▶ _TASK BRIEF_: Exactly the lines from the one containing "dining room with" through the end of the listing must make up the answer, with no pictures included.
[[ DATA SECTION, beginning ]]
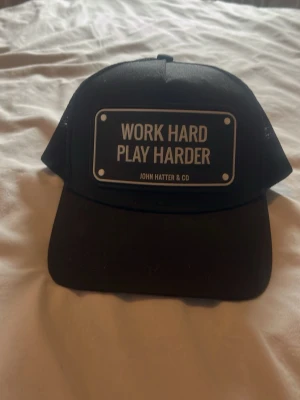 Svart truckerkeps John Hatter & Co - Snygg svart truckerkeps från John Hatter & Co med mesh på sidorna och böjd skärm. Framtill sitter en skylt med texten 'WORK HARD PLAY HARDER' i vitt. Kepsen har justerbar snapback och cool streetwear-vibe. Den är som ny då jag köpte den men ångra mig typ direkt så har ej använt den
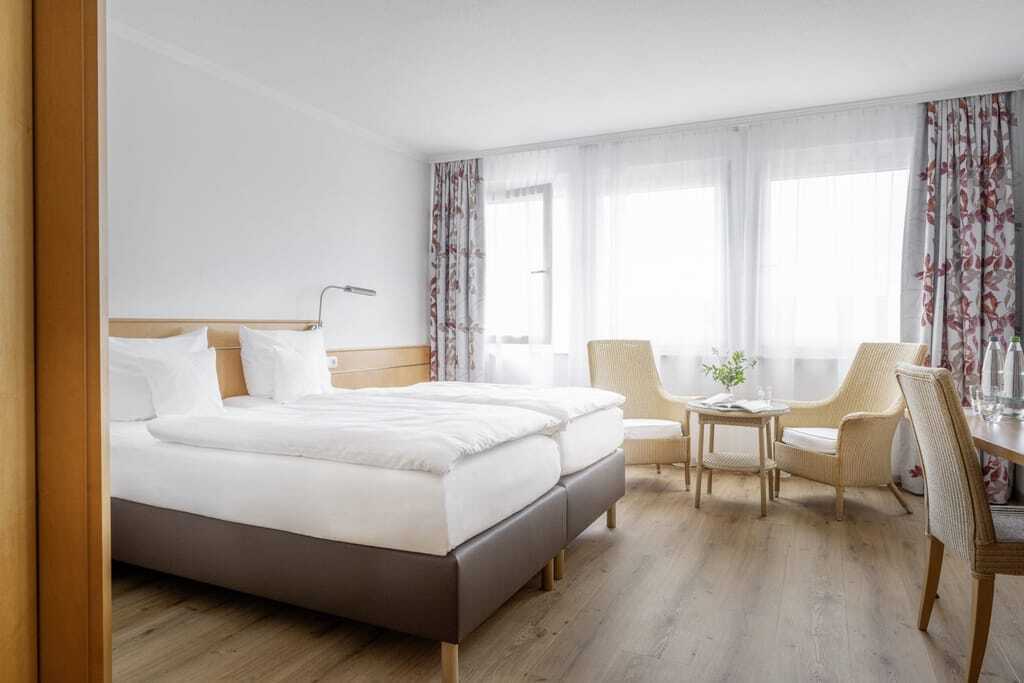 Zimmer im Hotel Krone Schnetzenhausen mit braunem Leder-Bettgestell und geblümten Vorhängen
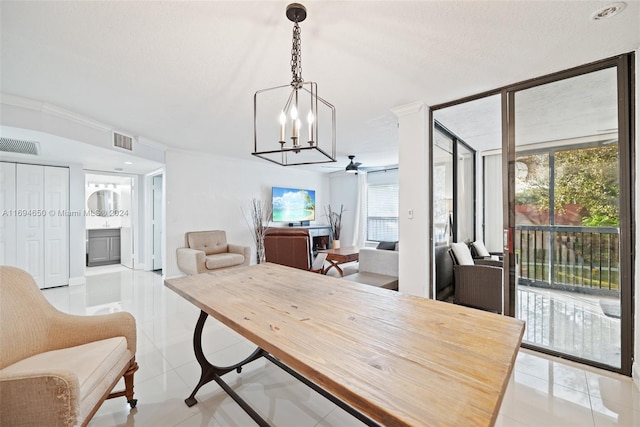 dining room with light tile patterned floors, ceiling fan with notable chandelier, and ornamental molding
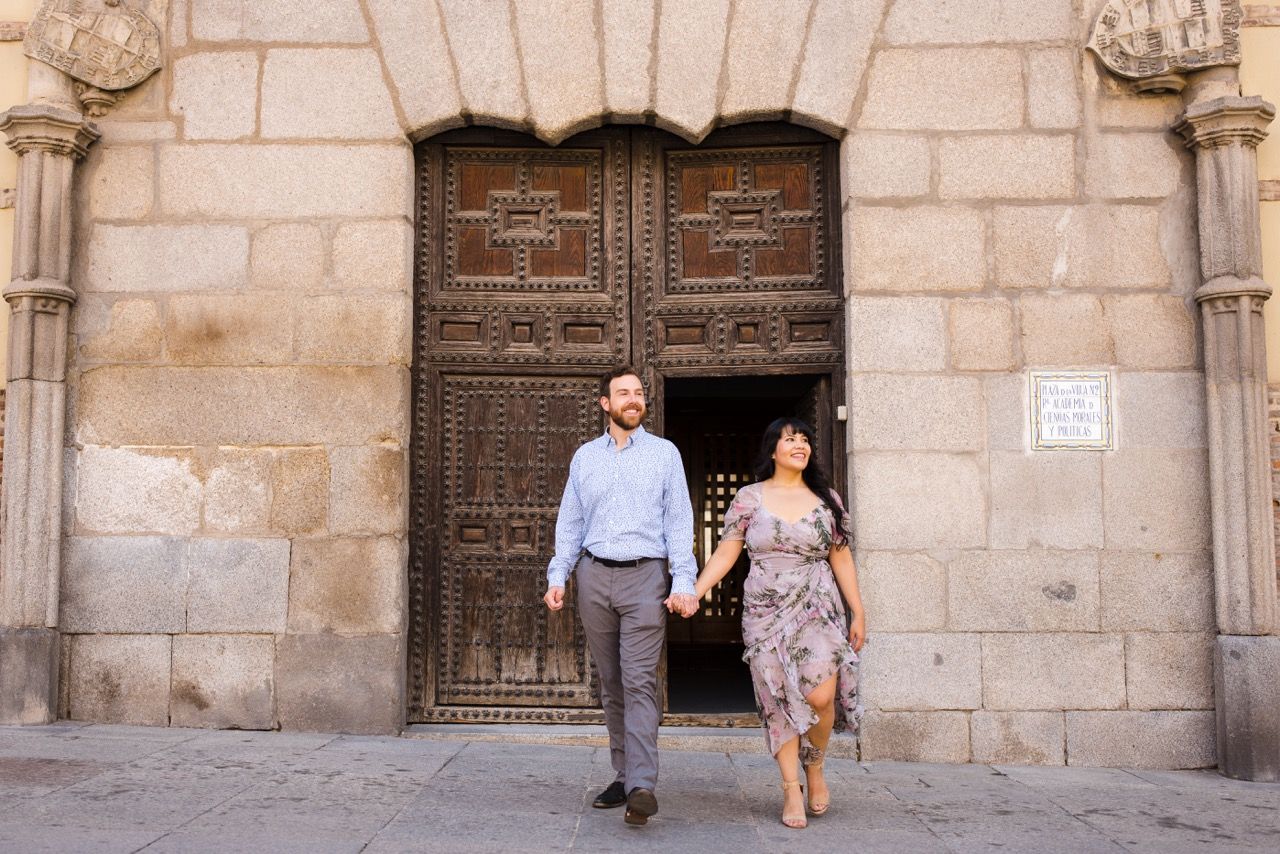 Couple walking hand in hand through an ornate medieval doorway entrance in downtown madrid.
[[ DATA SECTION, end ]]
▶ _ANSWER SECTION_:
 dining room with light tile patterned floors, ceiling fan with notable chandelier, and ornamental molding
 Couple walking hand in hand through an ornate medieval doorway entrance in downtown madrid.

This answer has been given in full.